━━━ Material provided
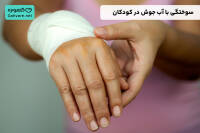 درمان سوختگی با آب جوش در کودکان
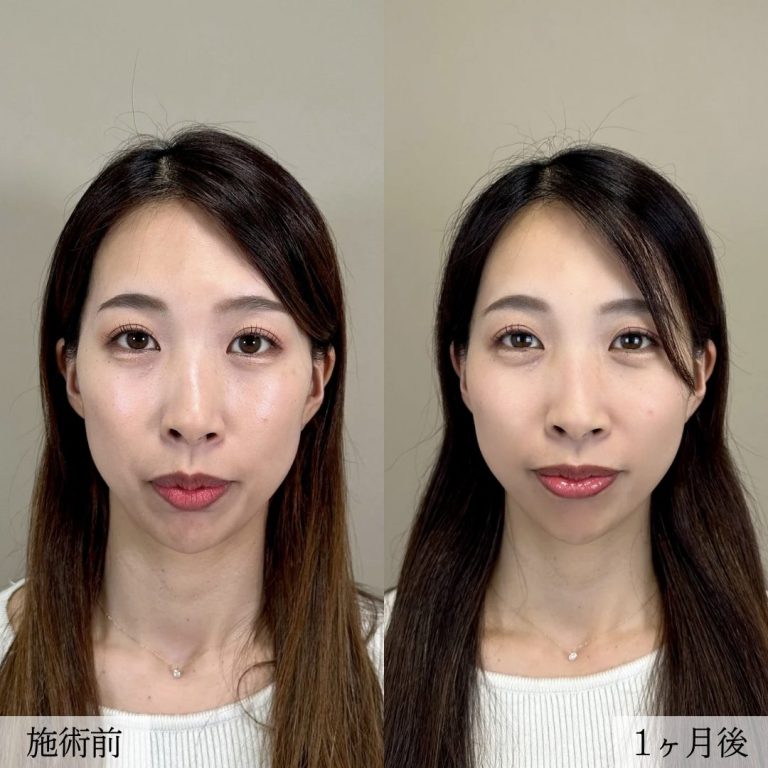 小顔美肌再生（リフトアップ）(担当医:大見 貴秀 医師)の症例写真1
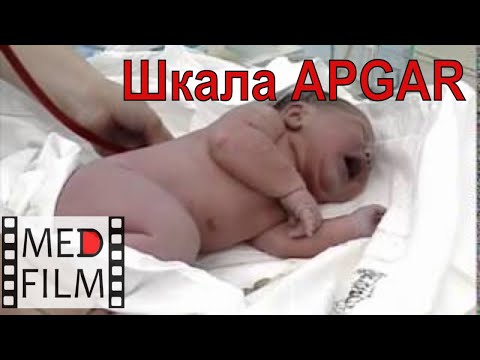 Video: Apgar Skóre: Graf, Definícia, Normálne, Dieťa A ďalšie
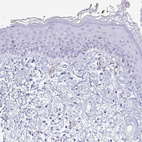 Immunohistochemical staining of human skin shows low positivity in squamous epithelial cells as expected.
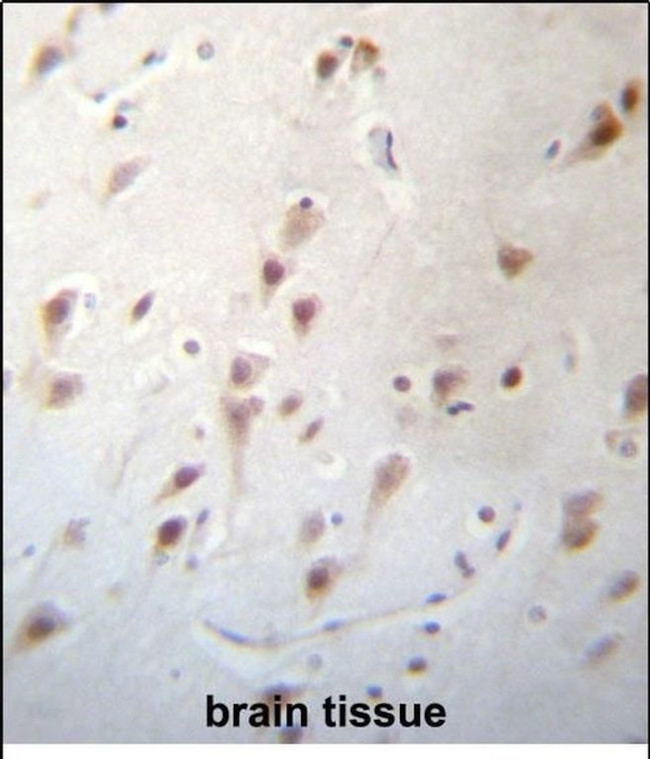 FOXJ3 Antibody in Immunohistochemistry (Paraffin) (IHC (P))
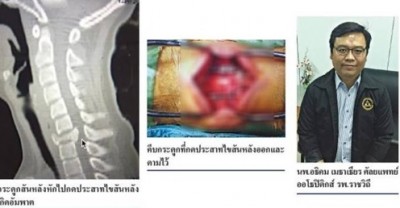 การผ่าตัดกระดูกสันหลังหัก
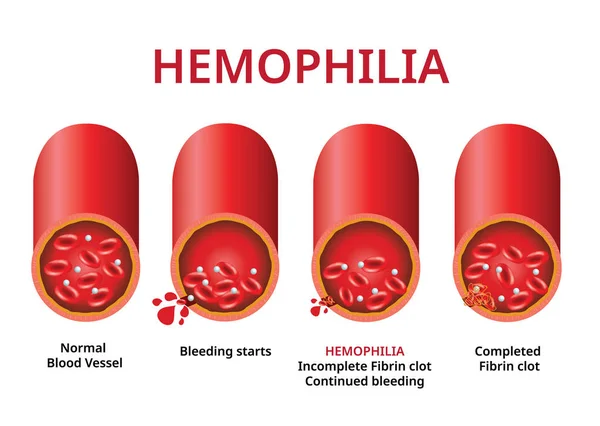 Гемофилия. поврежденный кровеносный сосуд, гемофилия (нарушение свертываемости) - вектор — стоковый вектор
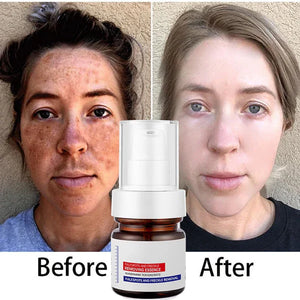 Sérum de visage anti-tâches à la vitamine C
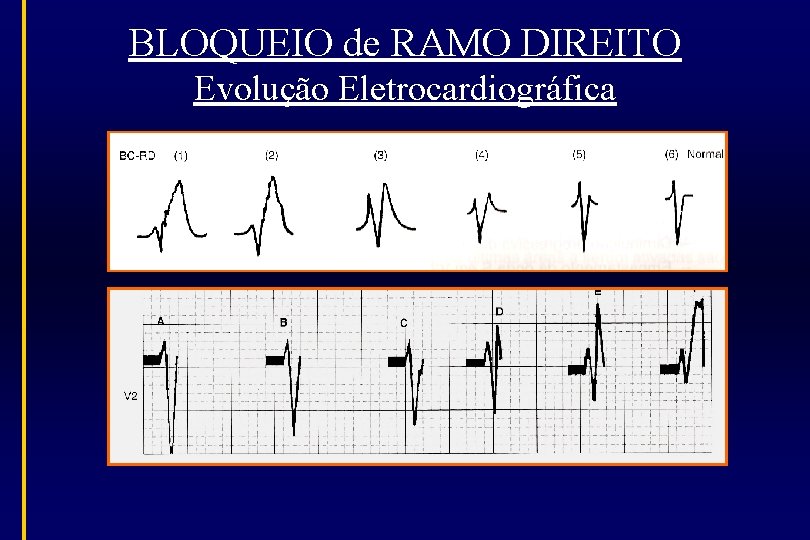 BLOQUEIO de RAMO DIREITO Evolução Eletrocardiográfica 
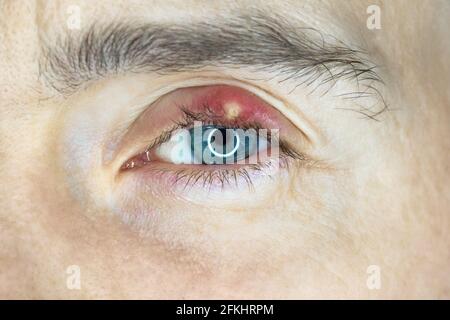 Chalazion sugli occhi. Colpo di closeup dell'occhio dell'uomo con infezione delle palpebre Foto Stock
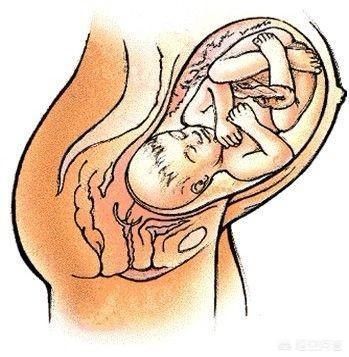 胎儿|怀孕八个月,彩超医生说孩子腿长,这是什么意思?
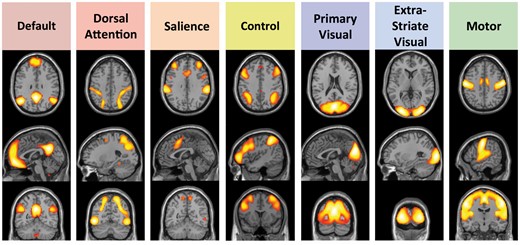 Cortical intrinsic connectivity networks chosen for analysis. These networks fall into three broad classes: Four cognitive networks (default, dorsal attention, salience, and control) thought to be involved in directed attention, memory and other aspects of cognition; two networks centred on primary and higher order visual cortices (primary visual and extrastriate visual); and a motor network including the pre-central gyrus and supplementary motor regions. Map threshold of P ≤ 0.05 (family-wise error corrected). Adapted from Schultz et al. (2014).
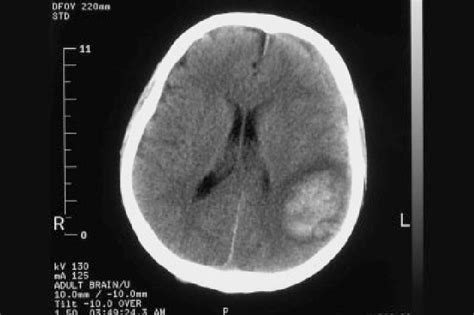Ct Scan Of The Brain Large Intracerebral Hematoma In The Left Parietal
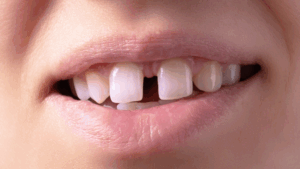 Gap Between Teeth (Diastema)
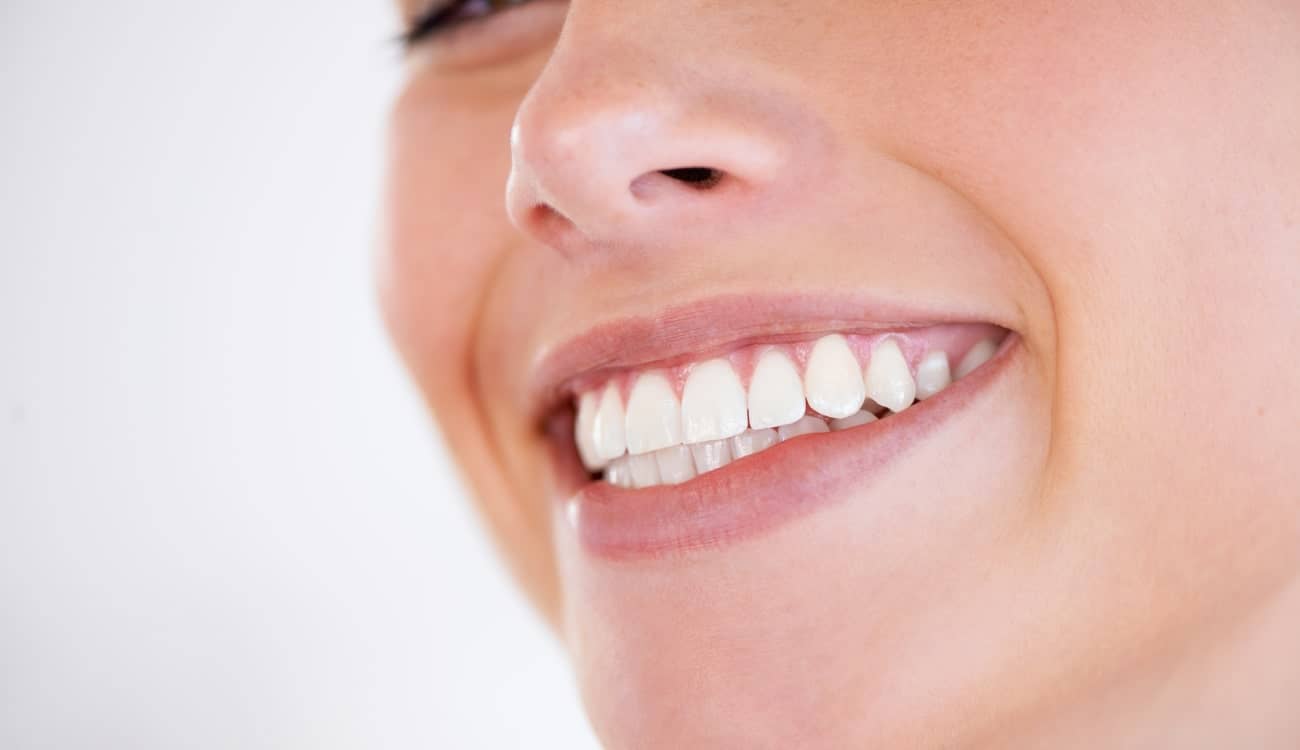 Quelle est la différence entre une facette dentaire et une couronne dentaire ? | Clinique dentaire Sana Oris | Paris 8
━━━━━━
Task —
When you repeat the data, keep it exact and drop every picture.

Finished task —
 درمان سوختگی با آب جوش در کودکان
 小顔美肌再生（リフトアップ）(担当医:大見 貴秀 医師)の症例写真1
 Video: Apgar Skóre: Graf, Definícia, Normálne, Dieťa A ďalšie
 Immunohistochemical staining of human skin shows low positivity in squamous epithelial cells as expected.
 FOXJ3 Antibody in Immunohistochemistry (Paraffin) (IHC (P))
 การผ่าตัดกระดูกสันหลังหัก
 Гемофилия. поврежденный кровеносный сосуд, гемофилия (нарушение свертываемости) - вектор — стоковый вектор
 Sérum de visage anti-tâches à la vitamine C
 BLOQUEIO de RAMO DIREITO Evolução Eletrocardiográfica 
 Chalazion sugli occhi. Colpo di closeup dell'occhio dell'uomo con infezione delle palpebre Foto Stock
 胎儿|怀孕八个月,彩超医生说孩子腿长,这是什么意思?
 Cortical intrinsic connectivity networks chosen for analysis. These networks fall into three broad classes: Four cognitive networks (default, dorsal attention, salience, and control) thought to be involved in directed attention, memory and other aspects of cognition; two networks centred on primary and higher order visual cortices (primary visual and extrastriate visual); and a motor network including the pre-central gyrus and supplementary motor regions. Map threshold of P ≤ 0.05 (family-wise error corrected). Adapted from Schultz et al. (2014).
Ct Scan Of The Brain Large Intracerebral Hematoma In The Left Parietal
 Gap Between Teeth (Diastema)
 Quelle est la différence entre une facette dentaire et une couronne dentaire ? | Clinique dentaire Sana Oris | Paris 8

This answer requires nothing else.